Modification proceedings occur “Post Judgment.” One party files a Supplemental Petition to Modify a prior Court Order when that party seeks to permanently change the terms of the Final Court Order/Judgment, Parenting Plan or child support obligation. Modification cases usually occur when a party wants to change timesharing, parental responsibility, child support or alimony. 

What is a substantial change in circumstance?

There is a three-part standard to show a substantial chance in circumstances; First, there must be a substantial change in circumstances. Second, that the change was not contemplated at the time of Final Judgment. Third, the change is sufficient, material, involuntary, and permanent in nature. Pimm v. Pimm, 601 So. 2d 534, 535 (Fla. 1992). 

Some examples of a “substantial changes in circumstance” can include:

  • job loss, 
  • drug or alcohol abuse issues, 
  • retirement, 
  • child abuse
  • failure to exercise timesharing
  • relocation 

Modification of Child Support

It should be noted, one should never “lose” their job in an effort to avoid paying a financial obligation ordered by the Court. In Manning v. Manning, the Court found, “former husband failed to show that reduction of his income was permanent, as required to obtain modification of child support; although former husband lost his job and ultimately accepted permanent employment that paid less money, he accepted lower-paying permanent job in exchange for benefits and possibility of financial improvement within six months, indicating that even former husband believed that his circumstances would improve within relatively short period of time.” Manning v. Manning, 600 So.2d 1274 (Fla. 1st DCA, 1992).  

In Manning v. Manning, the husband was fired from his job and was able to obtain employment that paid him half of what he had normally been paid prior to being fired. Id. Voluntary unemployment or voluntary underemployment is not considered a valid ground for modification. “Change in circumstances justifying modification of child support obligation does not exist when parent obligated to pay child support attempts to avoid or reduce that obligation by voluntarily becoming unemployed or underemployed.” Burdette v. Burdette, 691 So. 2d 862 (Fla. 5th DCA 1996). 

Modification of Alimony 

When it comes to alimony, “under Florida law, the court may modify an order of … alimony by increasing or decreasing the … alimony retroactively to the date of the filing of the action or supplemental action for modification as equity requires, giving due regard to the changed circumstances or the financial ability of the parties ….§ 61.14(1)(a), Fla. Stat. (2016).” See also, Nuttle v. Nuttle, 257 So.3d 1084 (Fla. 4th DCA 2018). 

Alimony is a bit different from other factors which can be modified as alimony can be changed due to the spouse being supported entering another relationship in which he/she is being supported. Pursuant to Fla. Stat. § 61.14(1)(b), the Court may reduce or terminate an award of alimony upon specific written findings by the Court that since the granting of a divorce and the award of alimony a supportive relationship has existed between the Obligee and a person with whom the Obligee resides.
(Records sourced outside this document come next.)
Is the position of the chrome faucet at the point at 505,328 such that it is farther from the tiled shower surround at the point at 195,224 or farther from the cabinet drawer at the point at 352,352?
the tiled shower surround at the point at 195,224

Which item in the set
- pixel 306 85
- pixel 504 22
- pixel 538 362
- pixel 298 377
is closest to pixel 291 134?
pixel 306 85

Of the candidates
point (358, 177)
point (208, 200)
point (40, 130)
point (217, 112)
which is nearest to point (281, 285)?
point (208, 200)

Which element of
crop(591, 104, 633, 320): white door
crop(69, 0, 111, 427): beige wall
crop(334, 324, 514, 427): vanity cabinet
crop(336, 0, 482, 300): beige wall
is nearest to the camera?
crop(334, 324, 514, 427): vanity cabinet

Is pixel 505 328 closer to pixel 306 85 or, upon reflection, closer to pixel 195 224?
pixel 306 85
The burden is on the Obligor to prove by a preponderance of the evidence that a supportive relationship exists, and that alimony should be terminated. 

Evidence to show that the supported parent is in a relationship in which he/she is being supported include but are not limited to; (1) how the supported parties holds themselves out to be “married”, (2) the period in which the supported spouse has resided with the other person in a permanent place of abode, (3) the extent to which the parties have pooled their income, (4) the extent to which the parties have supported each other and many other factors. Id

Retirement as Grounds for Modification 

To prove that the party should be able to obtain modification when the petitioning party retires, the Court will take into consideration whether retirement was voluntary, the Court must consider the payor’s age, health, and motivation for retirement, as well as the type of work the payor performs and the age at which others engaged in that line of work normally retire. Pimm v. Pimm, 601 So. 2d 534, 535 (Fla. 1992). Voluntary retirement is not grounds for a modification of Final Judgement. “Voluntary retirement cannot be considered change of circumstance which would warrant modification of child support.” Id. 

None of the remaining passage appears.